What you should do
An exact copy of the lines of the listing below between the "Cosmetician giving a facial massage photo" line and the "rustic farmhouse bed" line, both included, is the whole answer; please omit the pictures.

Material provided
+ + + + +

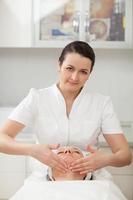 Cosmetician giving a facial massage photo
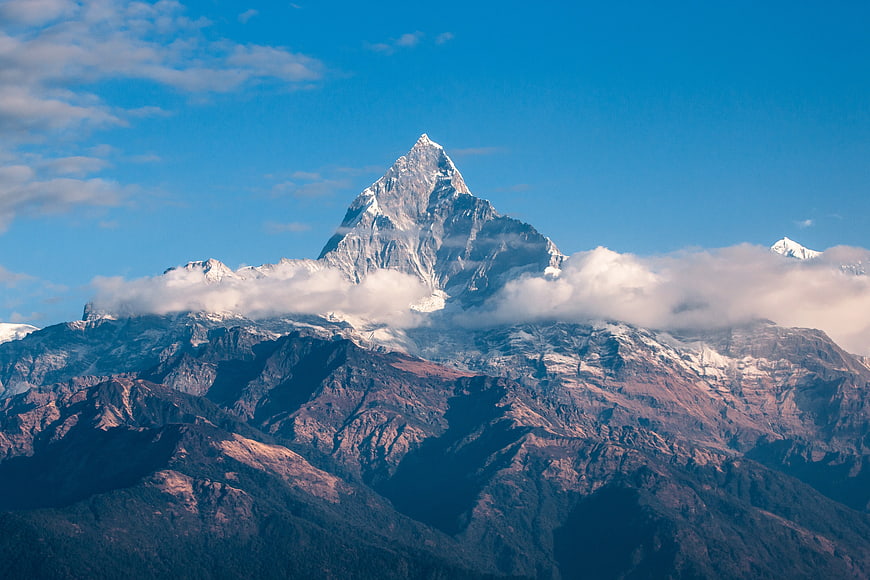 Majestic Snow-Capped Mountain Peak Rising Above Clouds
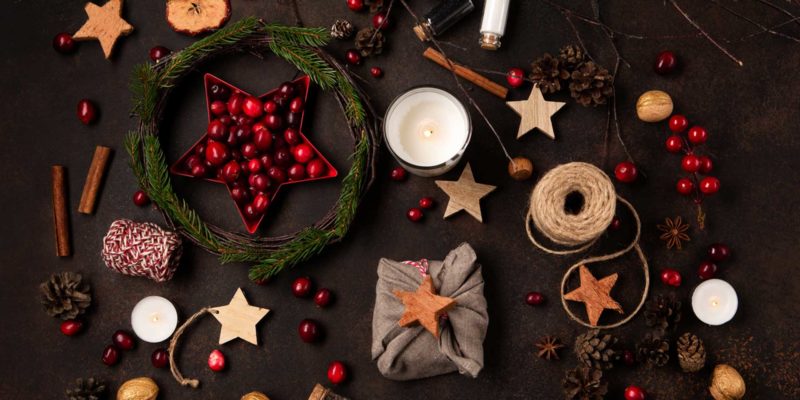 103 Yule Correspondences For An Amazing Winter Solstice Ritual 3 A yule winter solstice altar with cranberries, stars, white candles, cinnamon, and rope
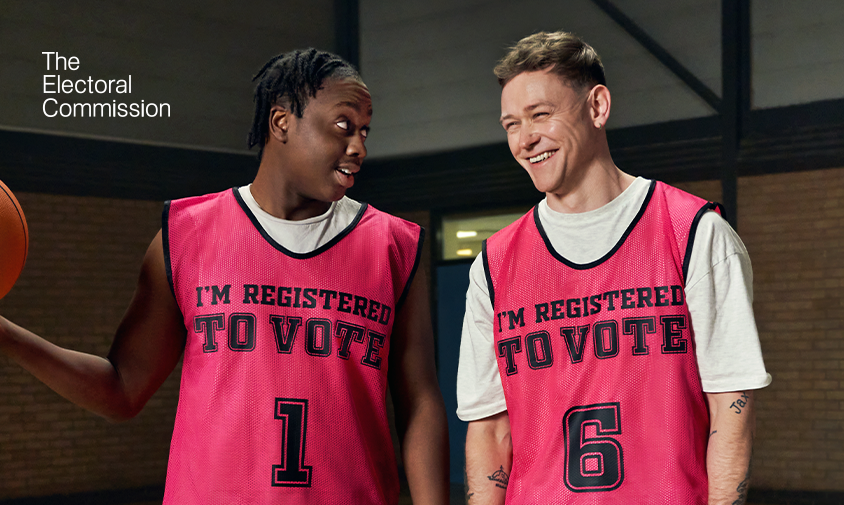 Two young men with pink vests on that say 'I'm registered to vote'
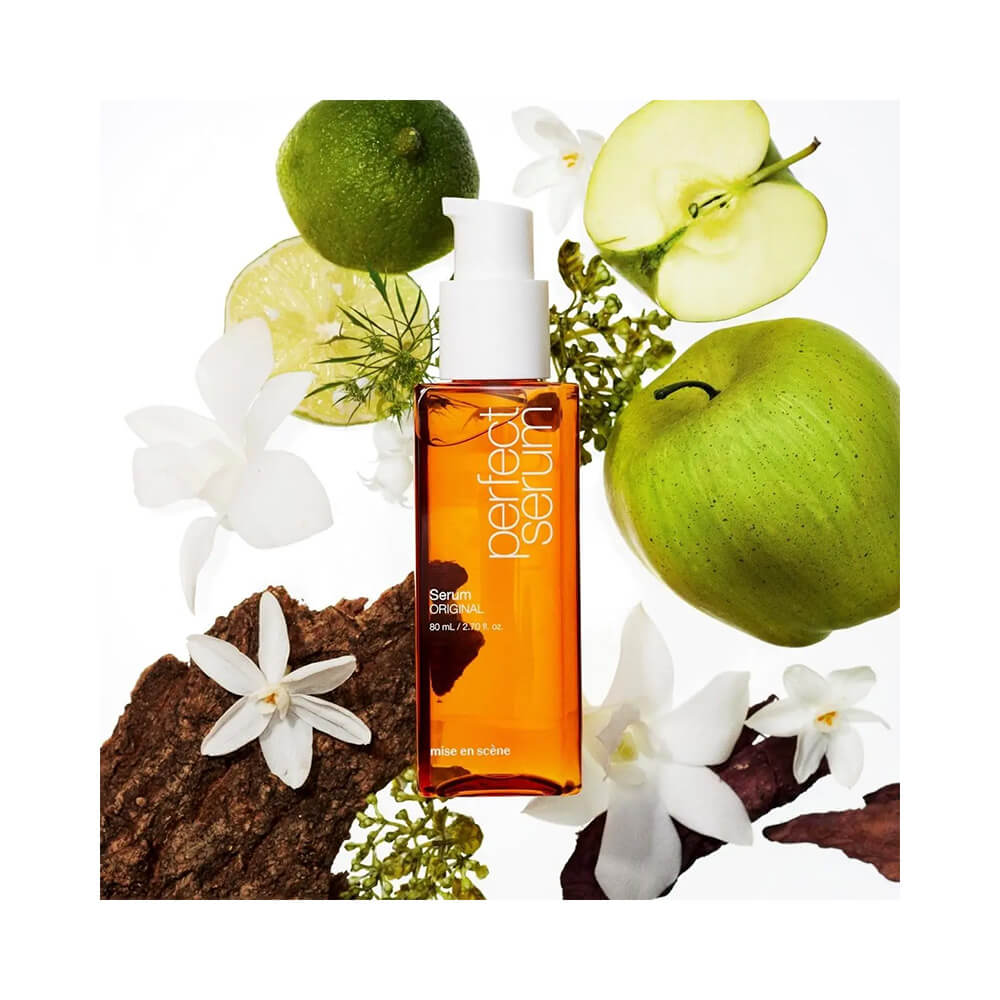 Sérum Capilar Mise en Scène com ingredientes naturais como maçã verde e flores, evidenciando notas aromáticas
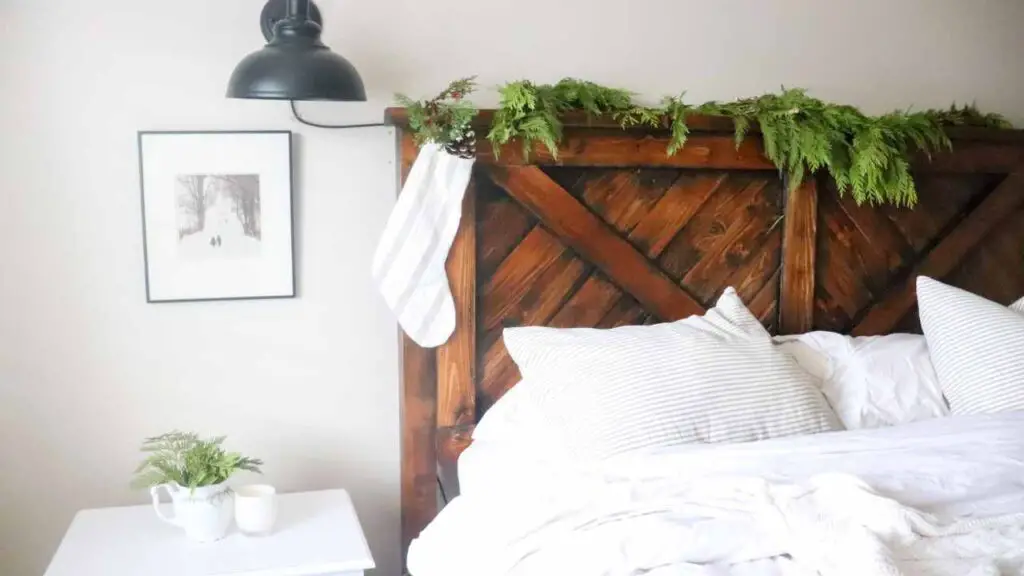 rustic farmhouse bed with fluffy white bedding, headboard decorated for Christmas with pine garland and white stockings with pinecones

+ + + + +

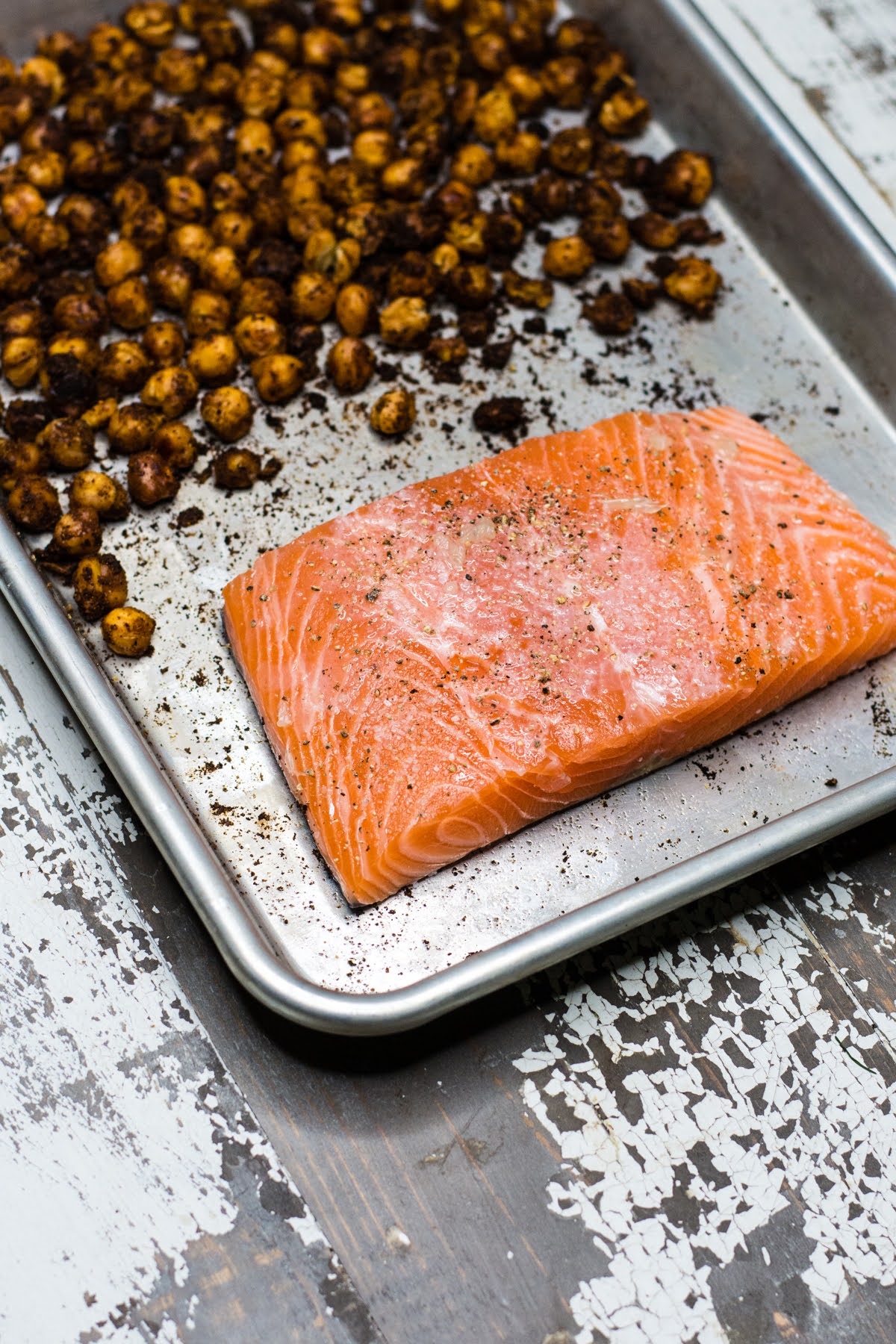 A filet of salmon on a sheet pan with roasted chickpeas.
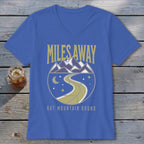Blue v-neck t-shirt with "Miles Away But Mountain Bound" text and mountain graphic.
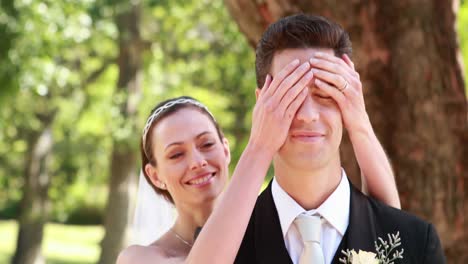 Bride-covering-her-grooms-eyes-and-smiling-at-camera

+ + + + +

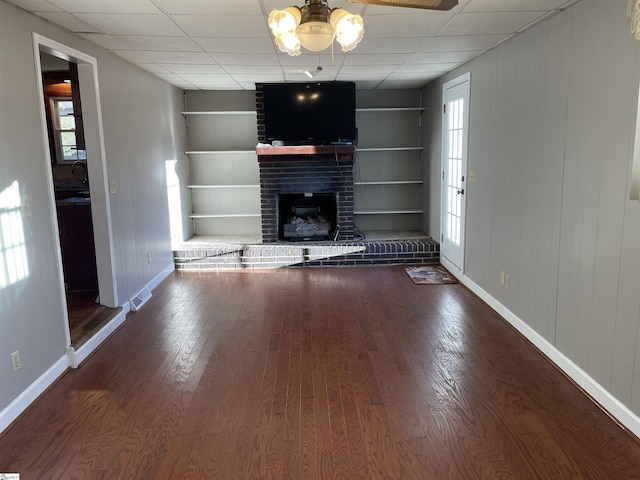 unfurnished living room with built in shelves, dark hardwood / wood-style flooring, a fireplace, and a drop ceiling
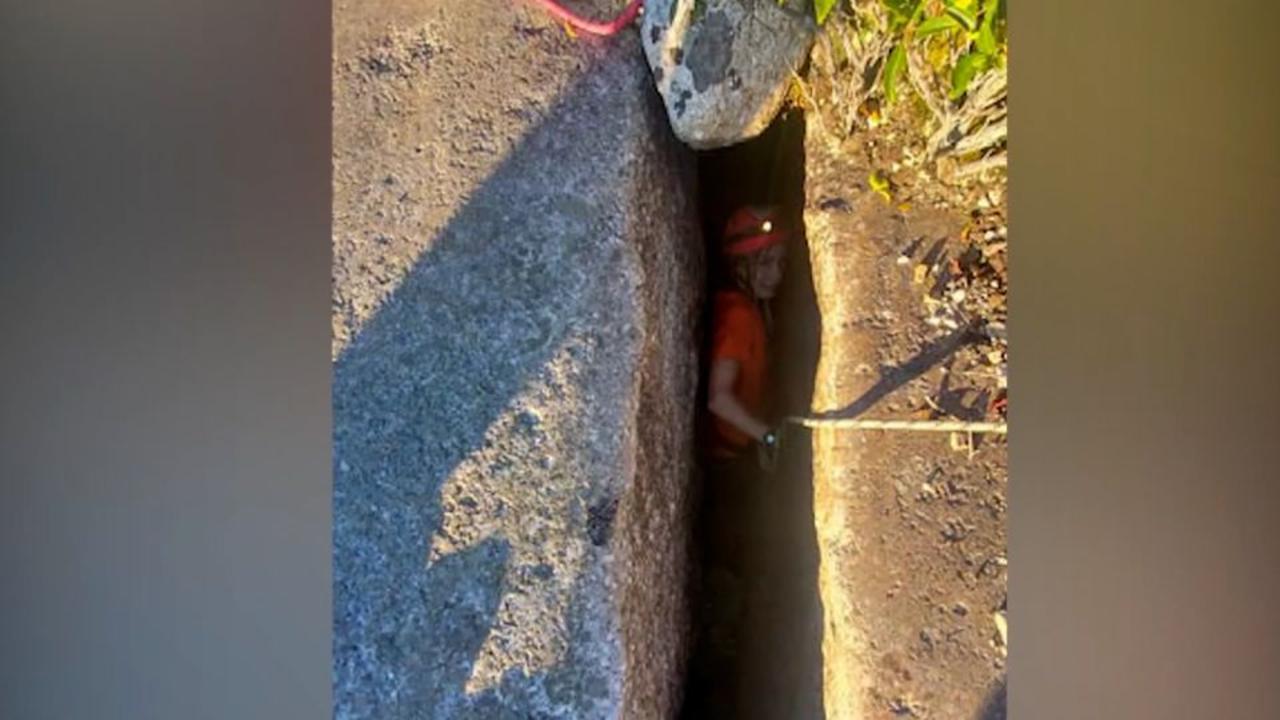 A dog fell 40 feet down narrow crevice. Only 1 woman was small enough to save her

+ + + + +

Reply
 Cosmetician giving a facial massage photo
 Majestic Snow-Capped Mountain Peak Rising Above Clouds
 103 Yule Correspondences For An Amazing Winter Solstice Ritual 3 A yule winter solstice altar with cranberries, stars, white candles, cinnamon, and rope
 Two young men with pink vests on that say 'I'm registered to vote'
 Sérum Capilar Mise en Scène com ingredientes naturais como maçã verde e flores, evidenciando notas aromáticas
 rustic farmhouse bed with fluffy white bedding, headboard decorated for Christmas with pine garland and white stockings with pinecones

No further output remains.